[What to work on]:
Please give back the listing below in full. Change nothing.

[Working data]:
══════
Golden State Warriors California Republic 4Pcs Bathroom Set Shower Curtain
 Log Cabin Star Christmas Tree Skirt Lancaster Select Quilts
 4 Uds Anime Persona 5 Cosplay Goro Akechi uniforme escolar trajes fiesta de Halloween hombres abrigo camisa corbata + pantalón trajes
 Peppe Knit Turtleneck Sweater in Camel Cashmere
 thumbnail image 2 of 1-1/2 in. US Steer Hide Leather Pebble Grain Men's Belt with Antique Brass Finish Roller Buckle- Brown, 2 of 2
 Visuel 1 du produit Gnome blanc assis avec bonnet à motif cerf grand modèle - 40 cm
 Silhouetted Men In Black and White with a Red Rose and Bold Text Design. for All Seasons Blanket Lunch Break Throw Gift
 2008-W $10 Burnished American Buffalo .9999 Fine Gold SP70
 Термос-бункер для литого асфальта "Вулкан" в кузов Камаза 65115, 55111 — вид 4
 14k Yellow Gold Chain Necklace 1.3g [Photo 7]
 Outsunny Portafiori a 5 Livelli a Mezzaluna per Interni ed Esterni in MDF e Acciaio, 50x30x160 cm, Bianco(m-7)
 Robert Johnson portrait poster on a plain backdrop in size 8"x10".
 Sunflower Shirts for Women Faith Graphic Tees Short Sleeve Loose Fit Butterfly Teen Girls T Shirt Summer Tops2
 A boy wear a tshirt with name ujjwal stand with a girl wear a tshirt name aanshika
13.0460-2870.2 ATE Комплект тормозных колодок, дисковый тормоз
══════
[Output below]:
Golden State Warriors California Republic 4Pcs Bathroom Set Shower Curtain
 Log Cabin Star Christmas Tree Skirt Lancaster Select Quilts
 4 Uds Anime Persona 5 Cosplay Goro Akechi uniforme escolar trajes fiesta de Halloween hombres abrigo camisa corbata + pantalón trajes
 Peppe Knit Turtleneck Sweater in Camel Cashmere
 thumbnail image 2 of 1-1/2 in. US Steer Hide Leather Pebble Grain Men's Belt with Antique Brass Finish Roller Buckle- Brown, 2 of 2
 Visuel 1 du produit Gnome blanc assis avec bonnet à motif cerf grand modèle - 40 cm
 Silhouetted Men In Black and White with a Red Rose and Bold Text Design. for All Seasons Blanket Lunch Break Throw Gift
 2008-W $10 Burnished American Buffalo .9999 Fine Gold SP70
 Термос-бункер для литого асфальта "Вулкан" в кузов Камаза 65115, 55111 — вид 4
 14k Yellow Gold Chain Necklace 1.3g [Photo 7]
 Outsunny Portafiori a 5 Livelli a Mezzaluna per Interni ed Esterni in MDF e Acciaio, 50x30x160 cm, Bianco(m-7)
 Robert Johnson portrait poster on a plain backdrop in size 8"x10".
 Sunflower Shirts for Women Faith Graphic Tees Short Sleeve Loose Fit Butterfly Teen Girls T Shirt Summer Tops2
 A boy wear a tshirt with name ujjwal stand with a girl wear a tshirt name aanshika
13.0460-2870.2 ATE Комплект тормозных колодок, дисковый тормоз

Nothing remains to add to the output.